Working through the data below, reproduce word for word the line with "More details for" and every line after it, both ends included, and omit the pictures.
—————
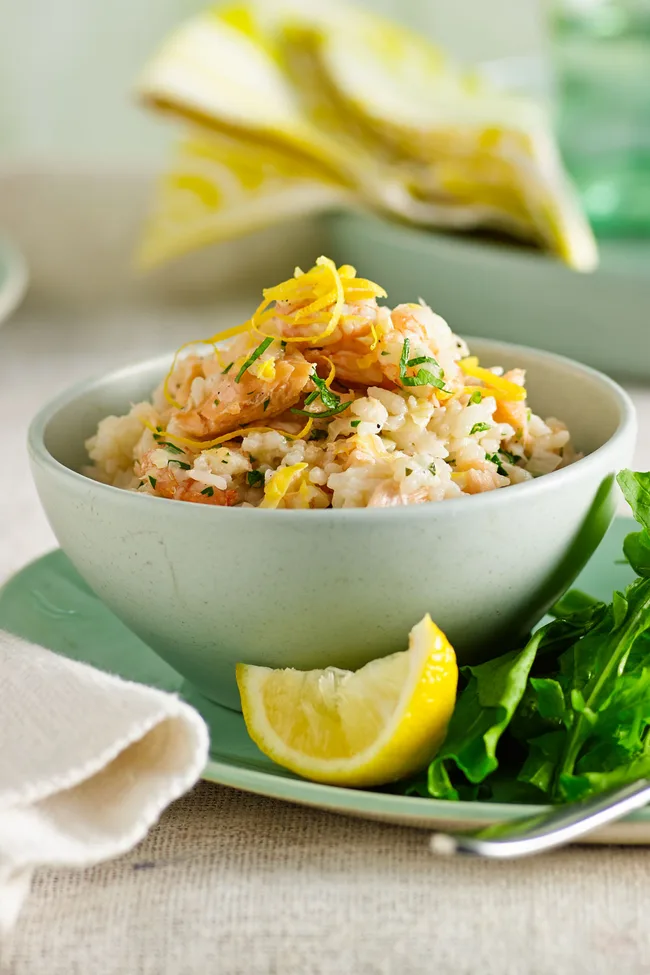 prawn and hot salmon risotto recipe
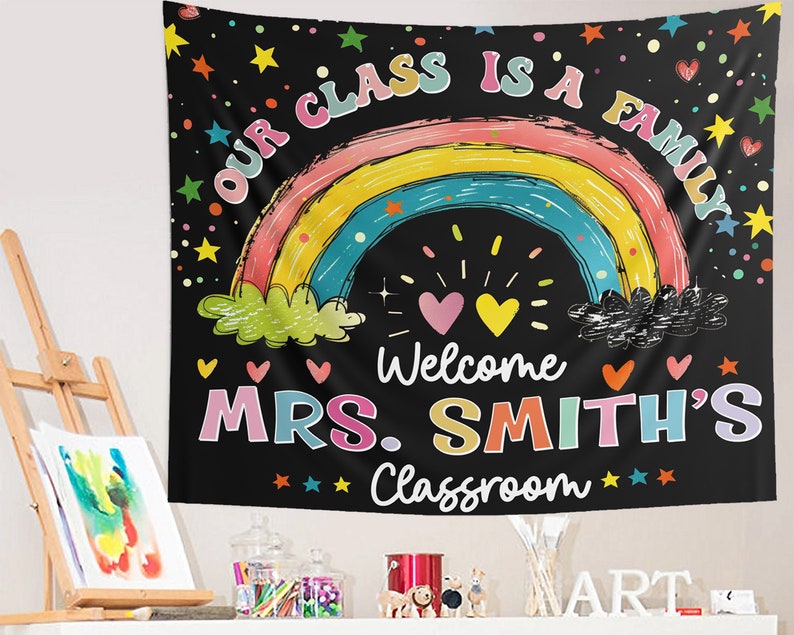 Tapestry Scool Custome Name Teacher Classroom Tapestry, Teacher Classroom Decor Wall ...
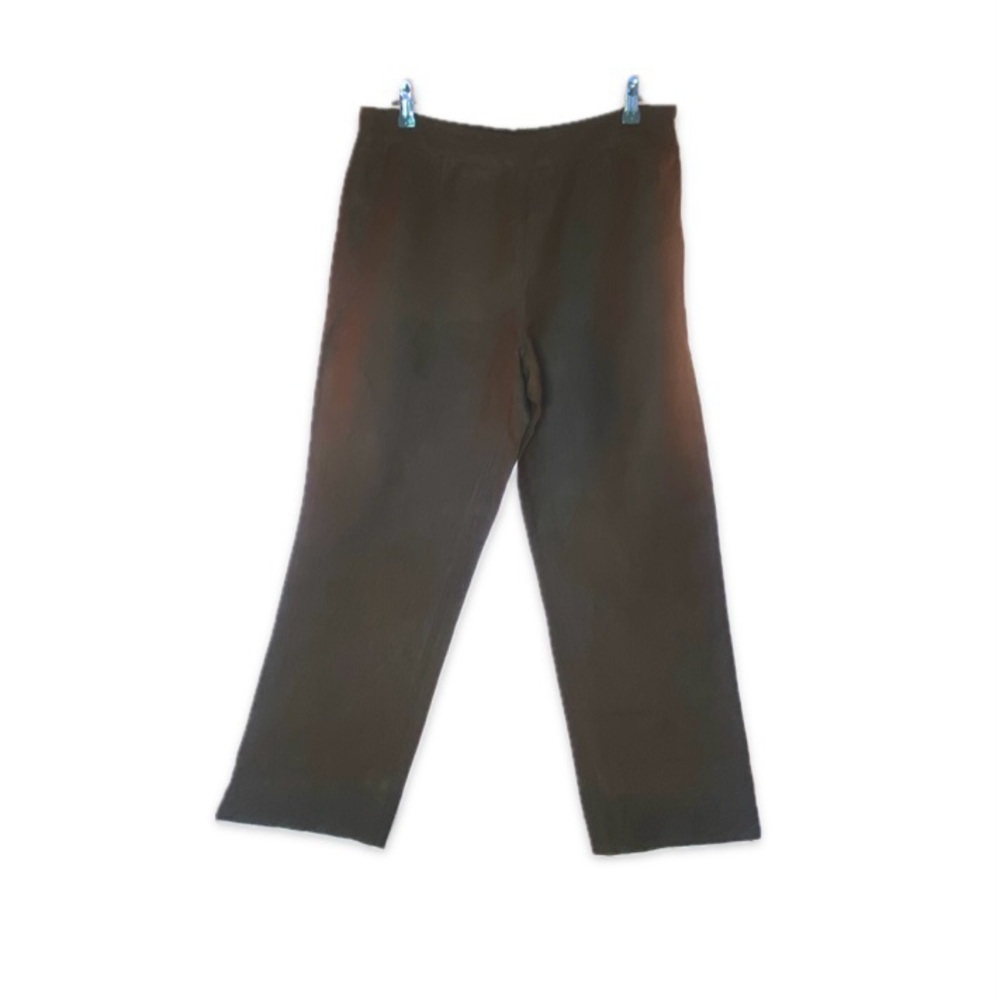 Kate Hill Chocolate Brown Linen Blend Trousers Fully Lined Size 14
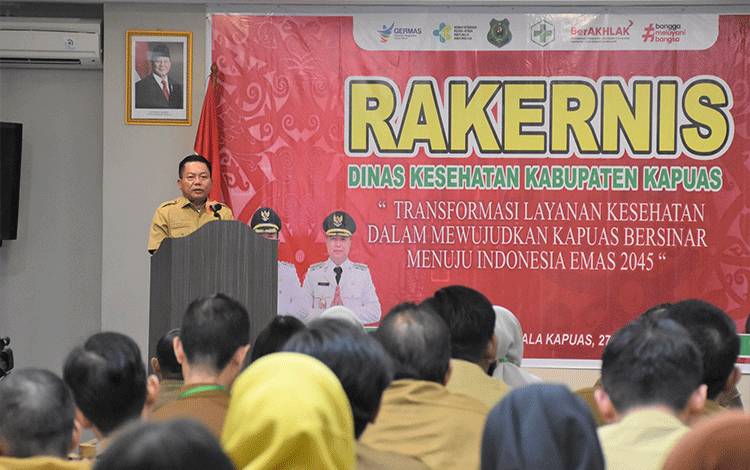 Bupati Kapuas Buka Rakernis Bidang Kesehatan 2025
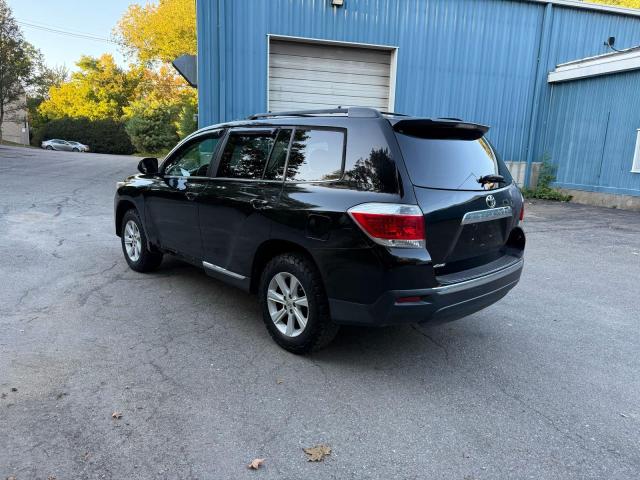 5TDBK3EH0DS226979 - 2013 TOYOTA HIGHLANDER BASE أسود صورة 3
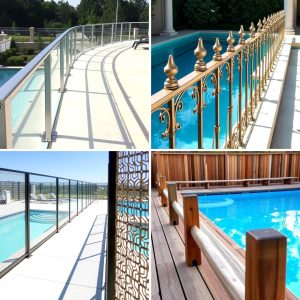 22 Pool Deck Railing Ideas Combining Safety and Style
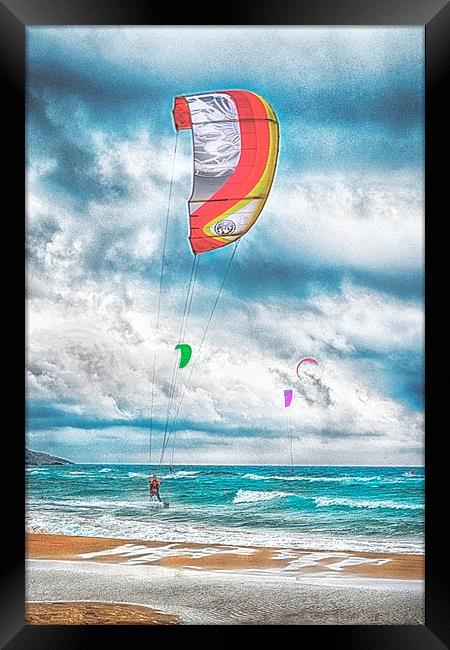 Surfs Up Framed Print by Angela Wallace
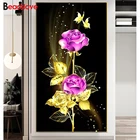 Алмазная 5D картина сделай сам, фиолетовая красная роза, квадратные круглые алмазы, вышивка с цветами, настенное искусство, S74, подарок 2021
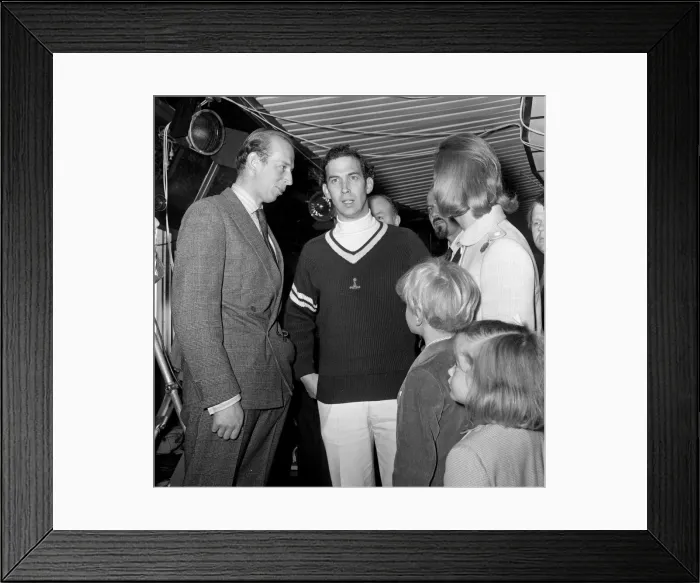 Framed Print : Prince Michael of Kent (centre) takes part in the Daily Mail Trans-Atlantic Air Race Framed Print : Prince Michael of Kent (centre) takes part in the Daily Mail Trans-Atlantic Air Race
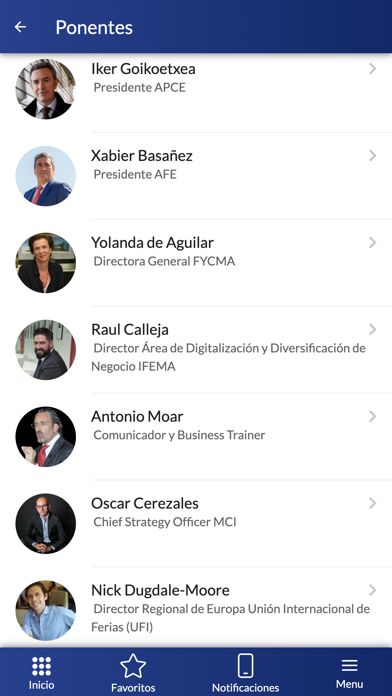Congreso AFE-APCE Screenshot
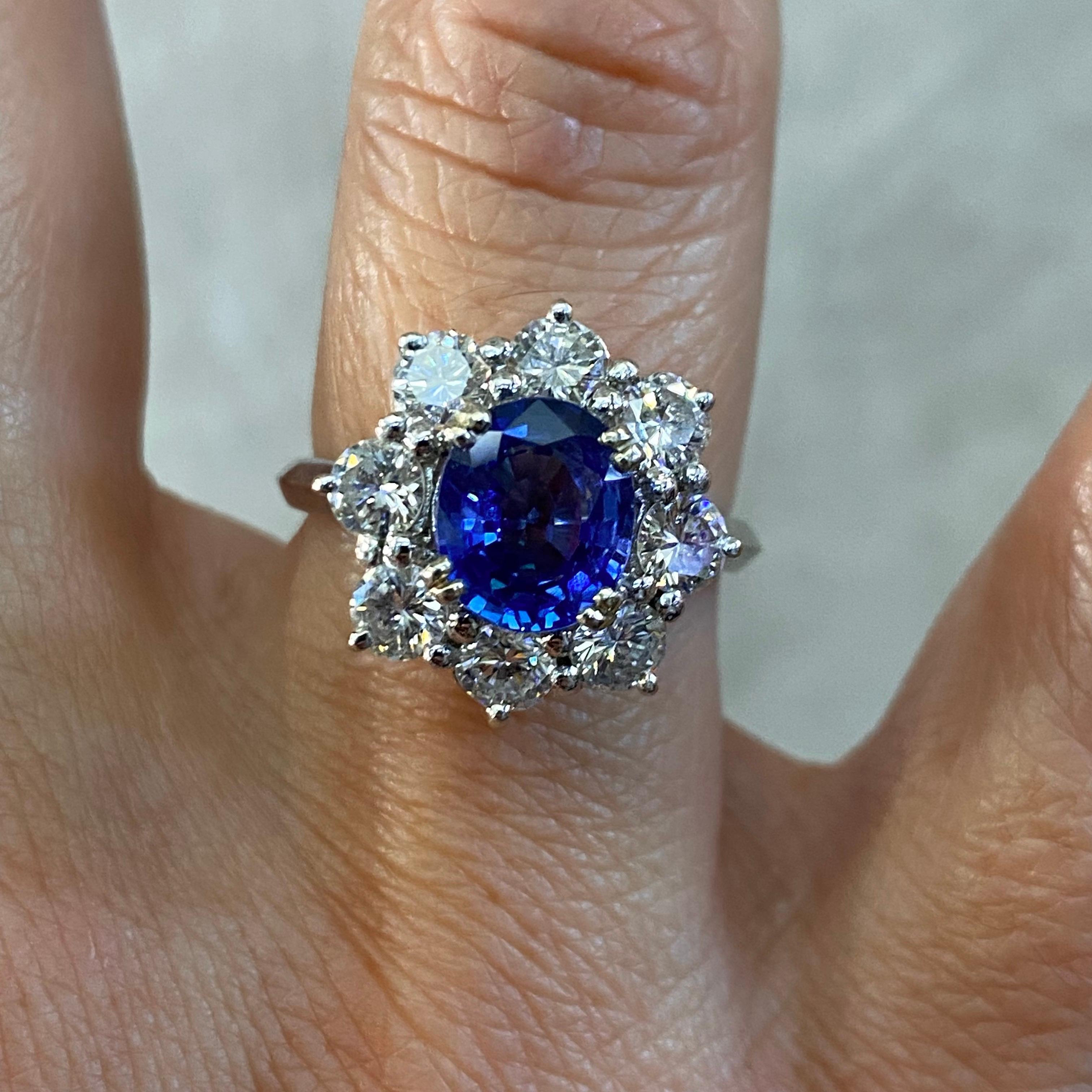 boucheron ring blue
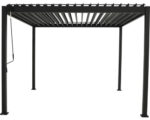 Pergola Basis mit Lamellendach, Pfosten 8,8x8,8 cm, 3x3,6m anthrazit – Bild 2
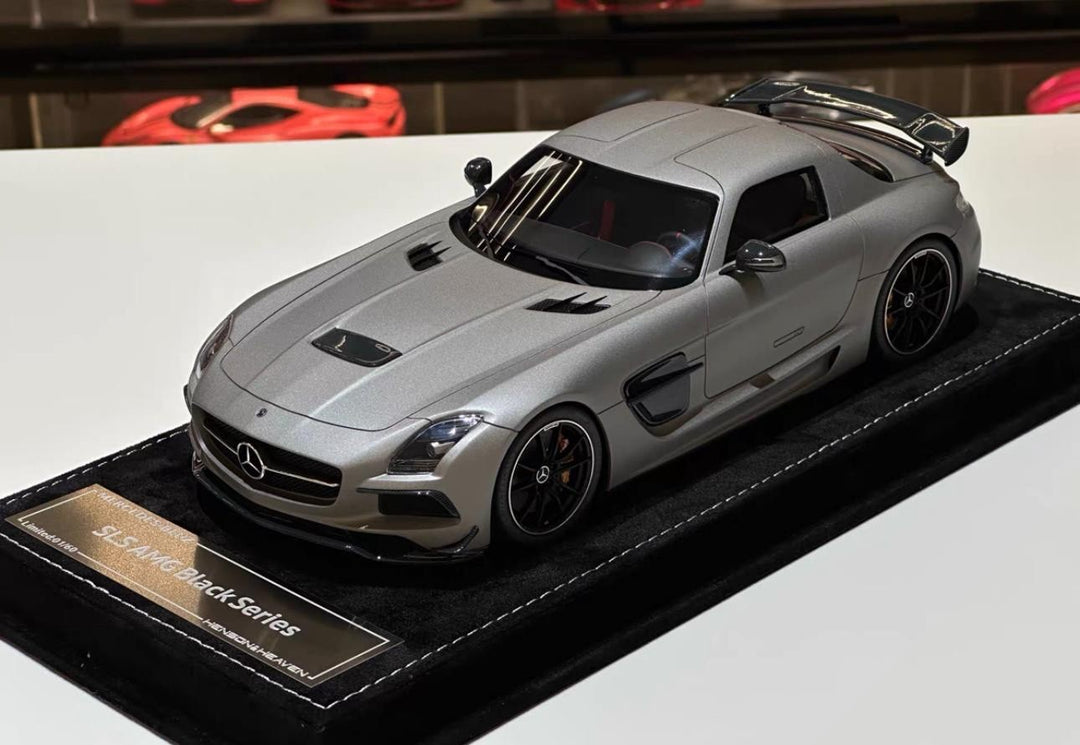 Mercedes-Benz SLS AMG Black Series (Matte Dark Gray) [Henson&Heaven] 1/18 scale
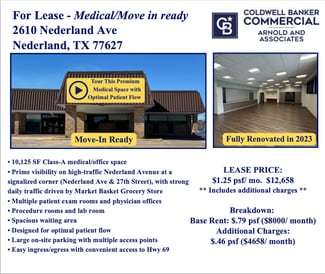 More details for 2610 Nederland Ave, Nederland, TX - Office/Medical for Lease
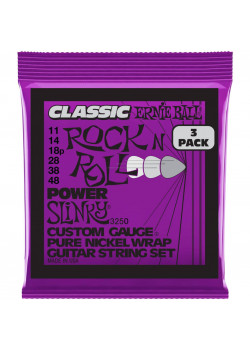 Струны для электрогитары Ernie Ball 3250 набор из 3-х комплектов струн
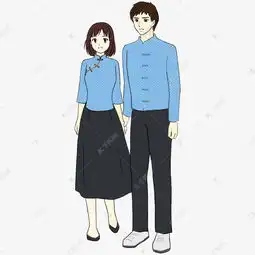 民国风情侣卡通插画合集一素材图片免费下载高清psd千库网图片编号11414113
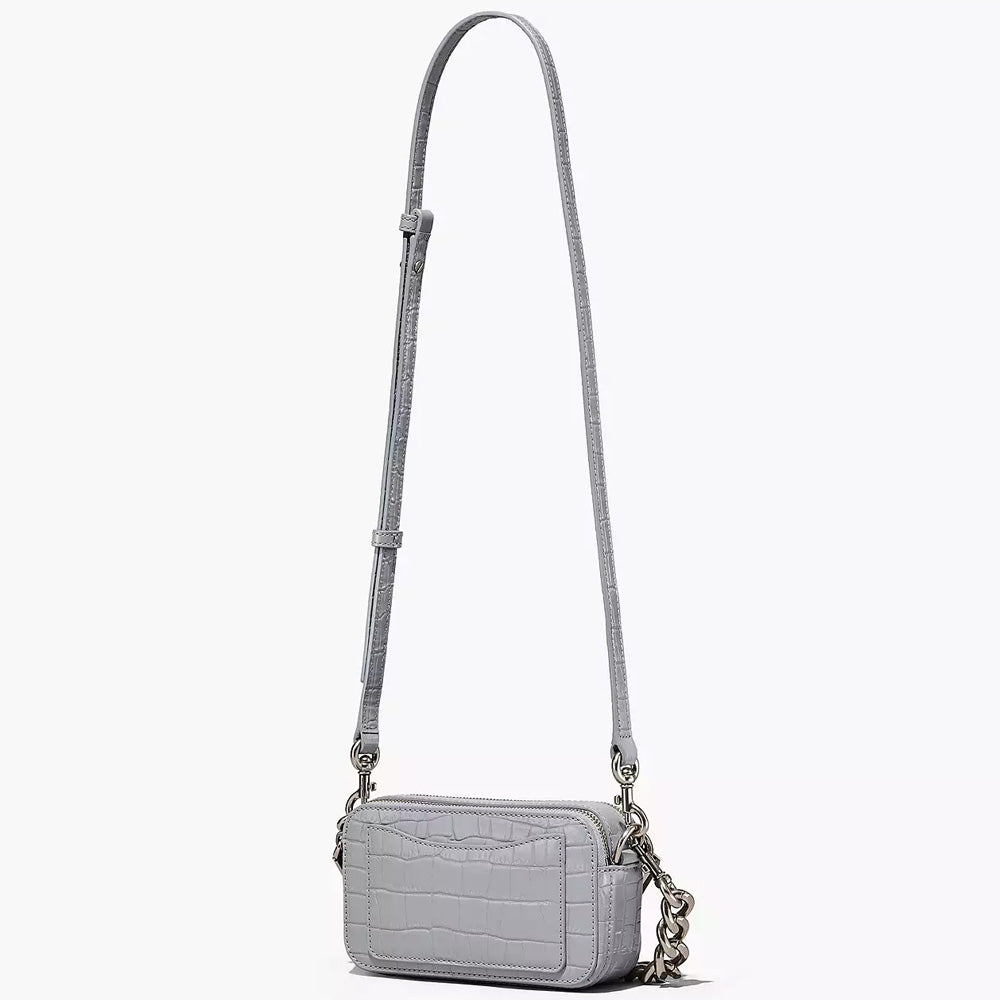 MARC JACOBS THE CROC-EMBOSSED SNAPSHOT QUARRY BAG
—————
◆ **Solution below**:
 More details for 2610 Nederland Ave, Nederland, TX - Office/Medical for Lease
 Струны для электрогитары Ernie Ball 3250 набор из 3-х комплектов струн
 民国风情侣卡通插画合集一素材图片免费下载高清psd千库网图片编号11414113
 MARC JACOBS THE CROC-EMBOSSED SNAPSHOT QUARRY BAG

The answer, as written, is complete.